In far away Dorne, in the Sunspear of the Martells, there was a feast of farewell of an evening for Lord Belion Chester, known as Reaversbane. Having been in Starfall after taking part in the hunt for Andrey Blackmont and other rebels in the western end of the red mountains of Dorne, the lord had developed a reputation as a man who was not afraid to spill blood to pacify the countryside for his king. So he was called upon by Lord Tyrell to aid him in doing the same to the region about the Greenblood, and he stayed at Sunspear awhile to consult with Ser Alyn Velaryon. It was at Oakenfist’s request that Lord Belion was given a formal farwell by Prince Marence Nymeros Martell, Lord of Sunspear and Prince of Dorne. It was a somber occasion, marked by only a little merriment, but Lord Chester kept his men—drunk on the heady wine and insouciant women of Dorne - in line. The Keeper of the Tower of the Sun, the prince’s brother Rhodry, was conspiciously absent despite the fact that he was to have arranged the feast; instead it was his newly-appointed assistant, Elysa Dayne, who seemed to fulfill those duties. The feast broke off earlier than was their usual wont, with Lord Belion making it plain he intended to leave on the morning tide.
In far away Dorne, in the Sunspear of the Martells, there was a funeral procession of a morning for an aged Dornish matriarch in the shadow city. And for some reason, there was Lord Chester and but a pair of knights to guard him, missing the morning tide, riding in the shadow city on some errand. He met the funeral, taking one corpse to its resting place . . . and there was another corpse made.
Lord Chester rode into the midst of the procession as it wound its wailing, sobbing way through the shadow city to the ancient cemetary beside an ancient sept. He pressed on, losing his guards. And suddenly from the midst of the procession: chaos. Men leapt at his horse, grabbed at his reins and his doublet, and knives flashed.
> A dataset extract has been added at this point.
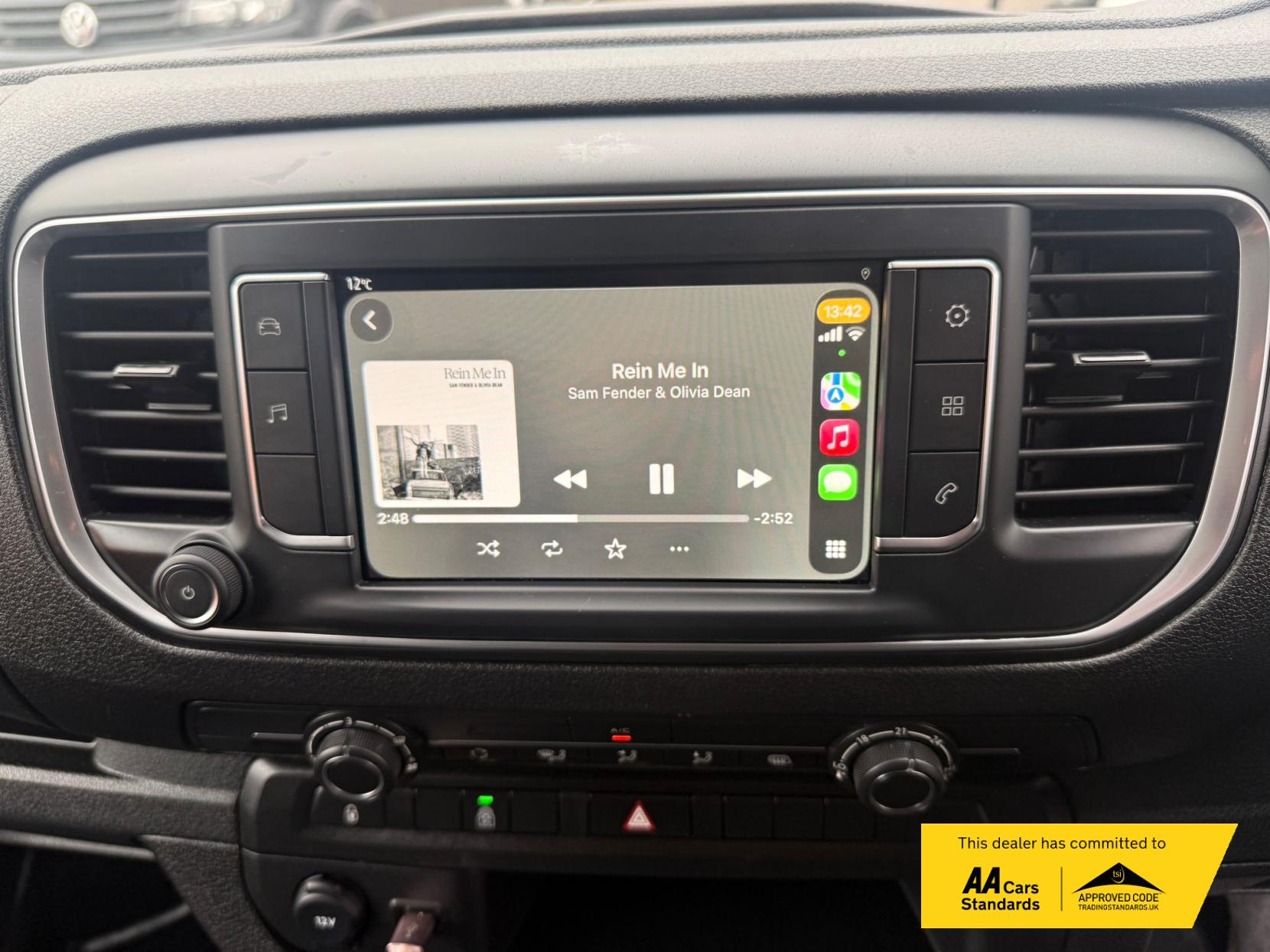 Vauxhall Vivaro 2.0 Turbo D 3100 Prime Crew Van Double Cab 6dr Diesel Manual L2 H1 Euro 6 (145 ps)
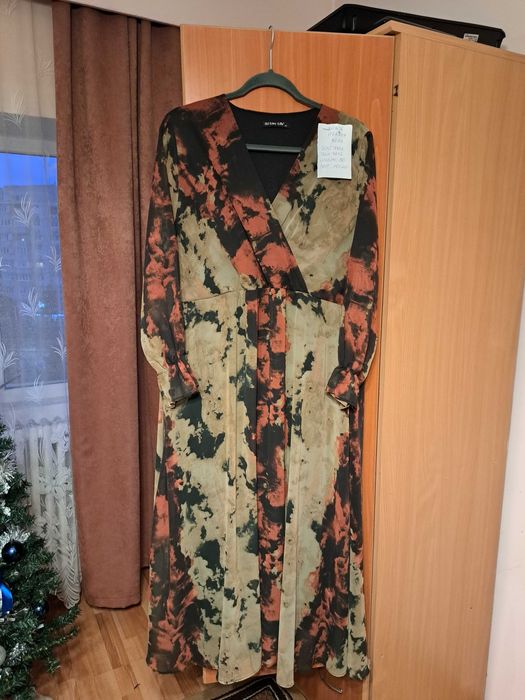 Vând încălțăminte și îmbrăcăminte pt dama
The knights could do little as Belion the Fat, once feared by the ironmen, still feared by the Dornishmen, was stabbed a score of times. He roared, and choked on his blood, and he died.
Mayhem followed, screams and shouts, the knights fleeing, riding hard for their ships, shariffs confused in their wake. Bells rang, and shouts, and unruly mobs formed in protest—of occupation, of the Targaryens, of bloodshed. The sound came even to the Old Palace. Shariffs of the shadow city poured forth from their barracks, struggling to contain the madness, as Ser Alyn Velaryon and his stout knights and sailors held firm to their fortified places in the city, and to their ships. The engines of war on the great galleys could be seen loaded with stones and iron shafts and—it was rumored—pots of wildfire, before peace was grudingly restored. A curfew was commanded—sealed with Prince Marence’s own seal, yet many said it was another of Velaryon’s commands, no more; whoever sent it, the curfew held, and those who violated it risked imprisonment, beatings—or worse. Unease now runs through the dark heart of the shadow city, and in the Old Palace, as words fly on black wings carry the news—to Lord Tyrell, to High Garden and Greenshield, to King’s Landing—of the assassination of Lord Chester.